» PROBLEM TO SOLVE
Transcribe the stretch of entries below from the line with "Свитшот хлопковый женский" through the line with "MEIQIHOME Vacuum Storage", exactly and with both ends included; leave out all other lines.

(GIVEN INFORMATION begins)

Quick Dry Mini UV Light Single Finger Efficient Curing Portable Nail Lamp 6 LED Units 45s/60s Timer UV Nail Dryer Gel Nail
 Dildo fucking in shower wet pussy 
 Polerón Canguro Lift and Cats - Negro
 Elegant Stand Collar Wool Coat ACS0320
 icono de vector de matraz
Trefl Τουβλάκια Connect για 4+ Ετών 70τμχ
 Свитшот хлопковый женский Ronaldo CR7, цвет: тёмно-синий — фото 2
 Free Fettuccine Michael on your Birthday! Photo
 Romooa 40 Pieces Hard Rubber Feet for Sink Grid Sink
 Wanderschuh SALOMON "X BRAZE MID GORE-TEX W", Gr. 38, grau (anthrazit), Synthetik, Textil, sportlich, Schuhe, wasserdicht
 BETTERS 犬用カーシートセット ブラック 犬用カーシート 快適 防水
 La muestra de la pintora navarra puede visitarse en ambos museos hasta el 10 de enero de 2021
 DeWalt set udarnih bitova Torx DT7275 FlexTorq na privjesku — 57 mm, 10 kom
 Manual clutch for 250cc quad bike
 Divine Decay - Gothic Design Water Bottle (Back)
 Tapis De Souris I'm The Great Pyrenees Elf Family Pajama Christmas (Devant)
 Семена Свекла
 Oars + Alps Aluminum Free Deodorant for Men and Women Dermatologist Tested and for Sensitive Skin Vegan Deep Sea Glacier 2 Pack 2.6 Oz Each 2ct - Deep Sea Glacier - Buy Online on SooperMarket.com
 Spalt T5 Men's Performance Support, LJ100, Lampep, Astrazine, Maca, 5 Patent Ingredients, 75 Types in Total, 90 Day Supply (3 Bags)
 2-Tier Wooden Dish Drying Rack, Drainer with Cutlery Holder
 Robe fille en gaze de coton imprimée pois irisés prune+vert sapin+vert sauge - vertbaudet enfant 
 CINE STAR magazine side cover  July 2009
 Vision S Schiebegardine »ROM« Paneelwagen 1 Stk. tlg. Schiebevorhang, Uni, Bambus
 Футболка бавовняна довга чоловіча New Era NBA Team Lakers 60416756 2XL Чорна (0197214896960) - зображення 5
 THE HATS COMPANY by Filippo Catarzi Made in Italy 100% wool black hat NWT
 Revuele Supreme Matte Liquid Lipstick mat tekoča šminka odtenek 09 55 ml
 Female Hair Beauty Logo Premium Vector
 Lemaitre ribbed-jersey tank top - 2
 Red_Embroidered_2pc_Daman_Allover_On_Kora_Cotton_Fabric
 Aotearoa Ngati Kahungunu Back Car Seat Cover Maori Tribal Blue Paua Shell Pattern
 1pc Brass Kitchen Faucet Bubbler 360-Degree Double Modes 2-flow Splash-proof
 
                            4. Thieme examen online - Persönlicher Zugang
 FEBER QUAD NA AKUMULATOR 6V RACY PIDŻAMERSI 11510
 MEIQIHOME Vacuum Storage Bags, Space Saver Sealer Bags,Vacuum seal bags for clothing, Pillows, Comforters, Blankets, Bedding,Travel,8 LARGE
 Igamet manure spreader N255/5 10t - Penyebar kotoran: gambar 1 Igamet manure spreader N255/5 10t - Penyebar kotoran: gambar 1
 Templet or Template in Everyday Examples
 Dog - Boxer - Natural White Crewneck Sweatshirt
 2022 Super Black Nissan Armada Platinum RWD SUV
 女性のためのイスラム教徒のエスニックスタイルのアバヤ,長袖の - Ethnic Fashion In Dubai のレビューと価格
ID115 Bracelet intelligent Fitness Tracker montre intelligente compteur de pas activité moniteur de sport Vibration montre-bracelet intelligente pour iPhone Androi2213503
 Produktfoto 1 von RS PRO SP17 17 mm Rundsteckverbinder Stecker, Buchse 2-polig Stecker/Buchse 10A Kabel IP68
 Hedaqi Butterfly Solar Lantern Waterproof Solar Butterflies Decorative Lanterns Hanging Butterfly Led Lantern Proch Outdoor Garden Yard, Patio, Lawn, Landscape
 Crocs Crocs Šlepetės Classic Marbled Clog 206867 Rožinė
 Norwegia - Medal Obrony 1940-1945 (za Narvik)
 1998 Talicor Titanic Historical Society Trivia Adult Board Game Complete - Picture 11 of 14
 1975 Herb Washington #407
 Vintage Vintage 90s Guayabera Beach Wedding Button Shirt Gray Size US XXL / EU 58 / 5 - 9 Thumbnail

(GIVEN INFORMATION ends)

» ANSWER BOX
 Свитшот хлопковый женский Ronaldo CR7, цвет: тёмно-синий — фото 2
 Free Fettuccine Michael on your Birthday! Photo
 Romooa 40 Pieces Hard Rubber Feet for Sink Grid Sink
 Wanderschuh SALOMON "X BRAZE MID GORE-TEX W", Gr. 38, grau (anthrazit), Synthetik, Textil, sportlich, Schuhe, wasserdicht
 BETTERS 犬用カーシートセット ブラック 犬用カーシート 快適 防水
 La muestra de la pintora navarra puede visitarse en ambos museos hasta el 10 de enero de 2021
 DeWalt set udarnih bitova Torx DT7275 FlexTorq na privjesku — 57 mm, 10 kom
 Manual clutch for 250cc quad bike
 Divine Decay - Gothic Design Water Bottle (Back)
 Tapis De Souris I'm The Great Pyrenees Elf Family Pajama Christmas (Devant)
 Семена Свекла
 Oars + Alps Aluminum Free Deodorant for Men and Women Dermatologist Tested and for Sensitive Skin Vegan Deep Sea Glacier 2 Pack 2.6 Oz Each 2ct - Deep Sea Glacier - Buy Online on SooperMarket.com
 Spalt T5 Men's Performance Support, LJ100, Lampep, Astrazine, Maca, 5 Patent Ingredients, 75 Types in Total, 90 Day Supply (3 Bags)
 2-Tier Wooden Dish Drying Rack, Drainer with Cutlery Holder
 Robe fille en gaze de coton imprimée pois irisés prune+vert sapin+vert sauge - vertbaudet enfant 
 CINE STAR magazine side cover  July 2009
 Vision S Schiebegardine »ROM« Paneelwagen 1 Stk. tlg. Schiebevorhang, Uni, Bambus
 Футболка бавовняна довга чоловіча New Era NBA Team Lakers 60416756 2XL Чорна (0197214896960) - зображення 5
 THE HATS COMPANY by Filippo Catarzi Made in Italy 100% wool black hat NWT
 Revuele Supreme Matte Liquid Lipstick mat tekoča šminka odtenek 09 55 ml
 Female Hair Beauty Logo Premium Vector
 Lemaitre ribbed-jersey tank top - 2
 Red_Embroidered_2pc_Daman_Allover_On_Kora_Cotton_Fabric
 Aotearoa Ngati Kahungunu Back Car Seat Cover Maori Tribal Blue Paua Shell Pattern
 1pc Brass Kitchen Faucet Bubbler 360-Degree Double Modes 2-flow Splash-proof
 
                            4. Thieme examen online - Persönlicher Zugang
 FEBER QUAD NA AKUMULATOR 6V RACY PIDŻAMERSI 11510
 MEIQIHOME Vacuum Storage Bags, Space Saver Sealer Bags,Vacuum seal bags for clothing, Pillows, Comforters, Blankets, Bedding,Travel,8 LARGE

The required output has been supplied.